Así como ocurre entre los hijos de los hombres, así sucede también con los hijos de la Virgen, pero de un modo mucho más real, porque desde la cruz, Jesús nos dio a María por Madre, de modo que cuando pronunciamos el Santísimo Nombre de María, sabemos que contamos con la segura, amorosa y poderosa protección maternal de la Virgen, que se hace presente, de modo misterioso e invisible, pero real y cierto, para estar junto a todo hijo que la invoca en momentos de angustia y tribulación.
Esto es así porque Dios ha dado a los cristianos el dulce nombre de María como un tesoro para ser custodiado con amor en el corazón, y ha querido asociar al Nombre Santísimo de María gracias no concedidas a ningún santo y a ningún ángel, entre las cuales están las de ser Auxiliadora de los cristianos, Corredentora de los hombres y Medianera de todos las gracias, lo que significa que si la Virgen es invocada por sus hijos que habitan en este “valle de lágrimas”, la Madre de Dios no tarda en hacerse presente para auxiliar a sus hijos que se encuentran en peligro.

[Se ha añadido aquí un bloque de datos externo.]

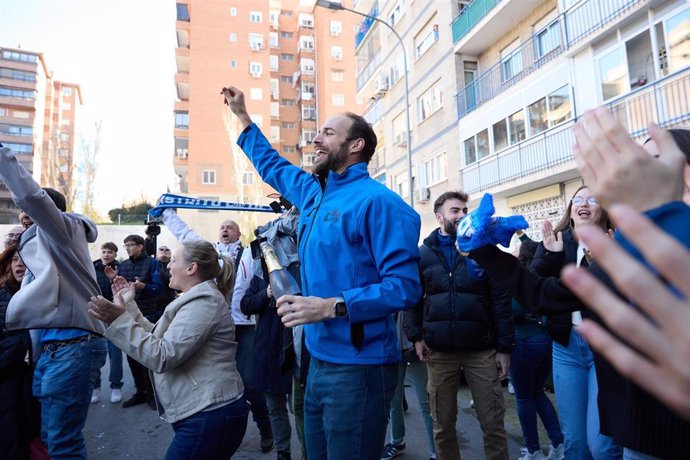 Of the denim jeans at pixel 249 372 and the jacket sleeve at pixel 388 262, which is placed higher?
the jacket sleeve at pixel 388 262

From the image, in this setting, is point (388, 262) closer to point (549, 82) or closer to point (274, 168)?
point (274, 168)

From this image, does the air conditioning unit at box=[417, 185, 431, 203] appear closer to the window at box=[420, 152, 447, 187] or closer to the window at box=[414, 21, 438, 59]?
the window at box=[420, 152, 447, 187]

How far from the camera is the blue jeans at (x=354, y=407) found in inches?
79.3

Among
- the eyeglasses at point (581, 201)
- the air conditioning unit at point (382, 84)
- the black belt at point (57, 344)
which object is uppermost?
the air conditioning unit at point (382, 84)

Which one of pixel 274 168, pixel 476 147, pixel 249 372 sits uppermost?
pixel 476 147

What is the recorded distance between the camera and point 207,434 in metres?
2.49

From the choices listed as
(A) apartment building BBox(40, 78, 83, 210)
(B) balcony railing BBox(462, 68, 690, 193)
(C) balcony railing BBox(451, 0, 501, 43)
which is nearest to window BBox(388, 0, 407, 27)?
(C) balcony railing BBox(451, 0, 501, 43)

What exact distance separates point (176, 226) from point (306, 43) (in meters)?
52.6

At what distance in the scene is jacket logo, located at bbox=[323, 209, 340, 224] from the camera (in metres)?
2.20

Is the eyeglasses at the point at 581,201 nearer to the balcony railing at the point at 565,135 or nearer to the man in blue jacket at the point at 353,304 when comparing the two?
the man in blue jacket at the point at 353,304

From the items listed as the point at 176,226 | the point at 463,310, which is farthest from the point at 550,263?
the point at 176,226

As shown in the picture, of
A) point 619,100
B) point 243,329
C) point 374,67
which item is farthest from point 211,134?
point 243,329

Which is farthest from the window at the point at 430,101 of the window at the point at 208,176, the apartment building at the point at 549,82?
the window at the point at 208,176

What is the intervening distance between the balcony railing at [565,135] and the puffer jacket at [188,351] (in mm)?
7230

Esto es lo que hace que para un cristiano, el Santísimo Nombre de María sea más dulce que la miel y sea además, después del Nombre Tres veces Santo de Dios, el nombre a custodiar con todo celo y amor, con toda honra, respeto y honor, en el corazón y que sea evocado, como el nombre de Dios, solo para ser amado, venerado, honrado y alabado. Todo esto sucede con el Nombre Santísimo de María, porque la Virgen no es un mortal común, sino un ser muy especial, a quien Dios Uno y Trino ha dotado de gracias y títulos tan especiales como innumerables y esas gracias y títulos están asociados a su Nombre, así como su Nombre está asociado a su persona.
Asociados al Nombre Santísimo de María, se encuentran entonces numerosos títulos y junto con ellos, se asocian gracias enormes, admirables y maravillosas; gracias que se hacen presentes junto con la evocación del nombre y con la presencia de la Virgen, de manera tal que, al nombrar a la Virgen, se hace presente la Virgen y con Ella, los títulos y las gracias que la adornan.